Destrinchando a Letra | Já faz tempo que é noite (horas ou não mais)

Já faz tempo que o Destrinchando a Letra dá o ar da graça na programação do OCDM, mas antes tarde do que mais tarde, temos uma edição extraordinária. O motivo: um sonho. Se você aceitar café com bolo, posso detalhar melhor essa aventura.

Às vezes tenho uns sonhos muito curiosos, dos quais não consigo recordar tão claramente após acordar, mas eles possuem uma sequência lógica que abriria precedentes para eu me perder em pensamentos abstratos e sensíveis sobre crenças que por ora prefiro guardar para mim mesma. 

A letra dessa música é autoral, composta na madrugada de 12 de abril de 2013. Às vezes, tenho a impressão de que 2013 foi anteontem, o tempo passou tão rápido e nada ficou no lugar.
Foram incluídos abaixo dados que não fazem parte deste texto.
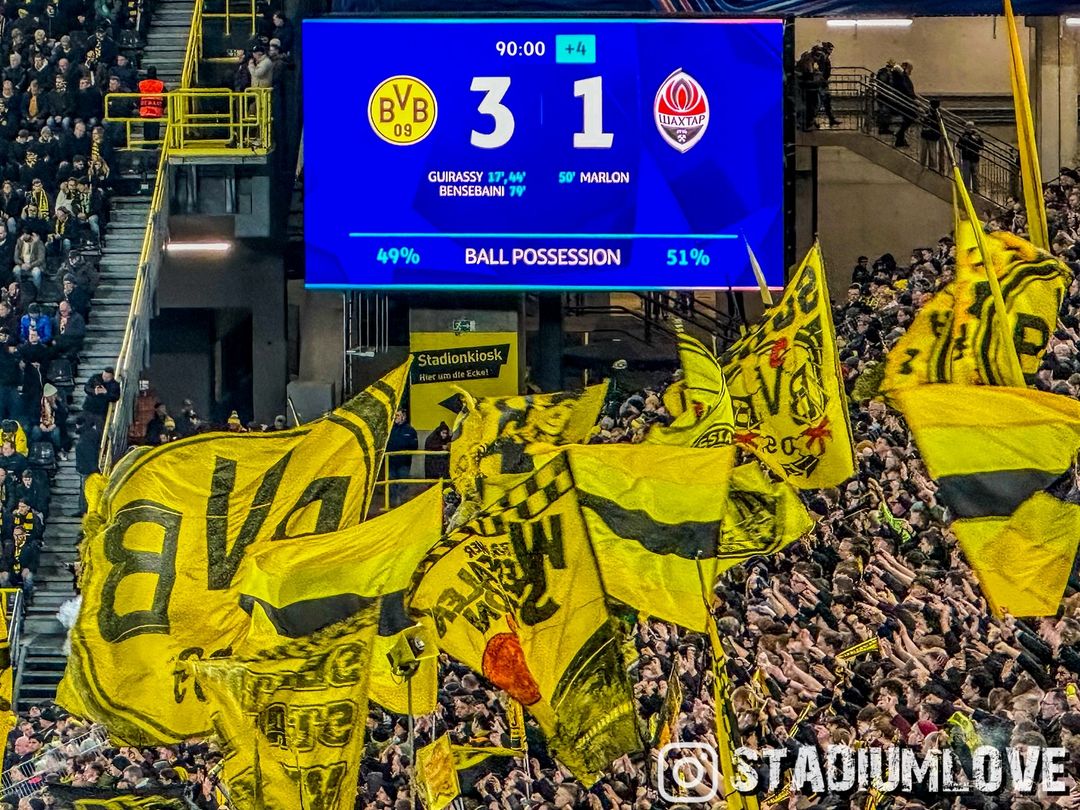 Borussia Dortmund – FC Shakhtar Donetsk 3-1 (3)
Ninguém ficou no lugar, nem meu coração, nem meus sonhos, nem a inocência que morreu em algum ponto inexato para cravar.




 O sol não se encontra

As notícias se confundem

Com a poeira da tristeza


Estreitas trilhas

Sem volta, ninguém sabe

O caminho de volta

(se há, ninguém sabe)


Já faz tempo que é noite

Horas ou não mais

Que apenas indecisão


A canção que segue

De vermelho e dourado

Não deixará saudades


Disse ele, antes de ir,

Se eu perder a direção

Os raios de sol me ajudarão

Em seus braços de novo estarei


Horas ou não mais

Que outra mentira sincera


Disse ele, 

De mãos dadas com ela

As flores estão em você

Não se esqueça


A verdade é o vazio

E a canção que segue

Sem deixar saudades


Já faz tempo

Já faz tempo que é noite


No árido inverno

Não se busca estrelas


Já faz tempo que é noite

E as cartas não chegaram


Horas ou não mais

Que o fim dessa história


Disse ele,

De mãos dadas com ela

Se eu perder a direção

Os raios de sol me ajudarão

Em seus braços de novo estarei


As flores estão em você

Não se esqueça...


Já faz tempo

Já faz tempo que é noite...


Admito que a composição tem uma pegada de "fim do mundo", quem sabe seja de um fundo do poço, do tal "árido inverno" e a ausência do Sol, das estrelas. No entanto, quem já passou ou está passando por ele compreende que não é tão fácil lembrar que as flores estão dentro de nós. 

Mesmo diante de um cenário devastador, a esperança se recusa a desistir. E é por isso que recolhemos os cacos do chão e tentamos outra vez, outras vezes. E nos permitimos curar graças à magia do amor, ainda que a paciência sempre sucumba às provocações da preocupação. 

O tempo passará e nos levará embora em algum momento; enquanto ele não chega, vivemos em busca de sentido, caminhando rumo à felicidade e cantamos para despistar aqueles que nos queriam na lama. Vamos cantando com os olhos rasos de lágrimas, na certeza de que também a dor haverá de se transformar em dignidade.

Pode ser sobre isso, pode ser muito além. 

Num sonho recente que tive, eu havia publicado esta música. O Gemini transformou a minha letra nessa melodia. Ela só errou uma parte da letra que seria "apenas indecisão", ela trocou por "plena indecisão". Nesse caso, a troca de palavras modifica também o sentido do verso num todo.

Até fevereiro, ver minhas letras de música se tornarem canções era um sonho distante e inalcançável, contudo, graças ao Gemini e ao Suno, pude realizá-lo. Quem os escreve não canta nem "parabéns a você" e não toca nem vuvuzela. 

Mesmo assim, quando imagino a letra de música, penso naquela sensação deliciosa de colocar a cabeça no travesseiro, fechar os olhos, curtindo os sonhos nos fones de ouvido. Espero que você aí do outro lado também não se esqueça de nutrir sua alma e não deixar o mundo apagar as cores que habitam dentro de você. 

O Destrinchando a Letra de hoje fica por aqui, mas pode retornar à nossa programação a qualquer momento. Um forte abraço e até lá!